Returning image as tool output in Assistants API?

Hello!

I’m trying to figure out if there’s a way to return an image as a tool output for Assistants. I can think of several use cases where that would be useful (I’m making a small app that can access a “take screenshot” function to see what’s happening on my computer automatically), but the documentation doesn’t seem to cover that possibility.

Is it possible in one way or another, or planned? A workaround I can think of is to simply send the image in a separate message after the assistant called the function, but I’m guessing that would probably waste tokens? From my testing, the assistant can’t help but post a message after calling the function instead of waiting for the image to get sent in the next one. Most of the time just hallucinating a link to a screenshot that doesn’t exist.

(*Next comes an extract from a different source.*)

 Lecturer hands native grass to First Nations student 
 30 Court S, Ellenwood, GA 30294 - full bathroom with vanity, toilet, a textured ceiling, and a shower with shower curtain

EDIT (accidentally sent the message before I finished typing it, oops)

2 Likes

The only way I see would be Prompt the Assistant in such a way that it outputs a response that you can directly input in Image Generation Model(Dall.E) to generate an image.

Yes, you are correct that the Assistants, once invoking a tool_call, can only sit there and wait for your return value (“tool output”), and then will produce a reply based on the tool return value (which can’t be a binary file, or an image for further vision understanding by the AI).

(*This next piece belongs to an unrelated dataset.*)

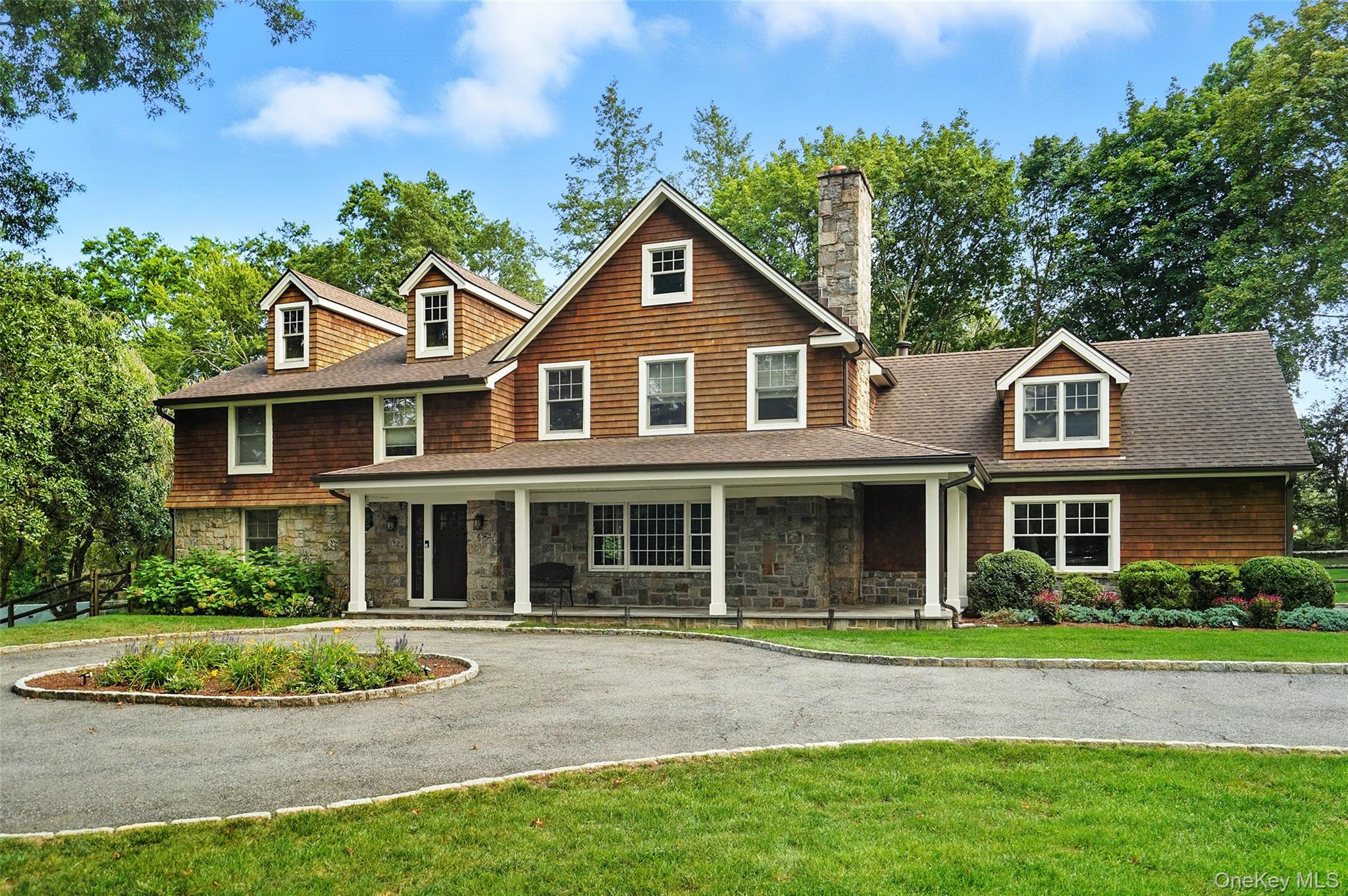 Discover the perfect getaway in this stunning shingle-style home, idea...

That means that you don’t have versatility like chat completions, where you can be in complete control of messages and functions every call you make (and not so much tools, where you are forced to return the same ID as was called, or ignore the tool call), and could place another user message in the context before or after the function for vision to have a look at.

About the only way in Assistants is to have a function return that has already performed image-to-text, with all the information the AI would answer about anyway, written in natural language.

Your function could have parameters get_user_screenshot(“query”: “(what the AI would like to know about the screenshot)”) and then employ a separate chat completion vision API call with that user message and image.

Hi! I’ll be short.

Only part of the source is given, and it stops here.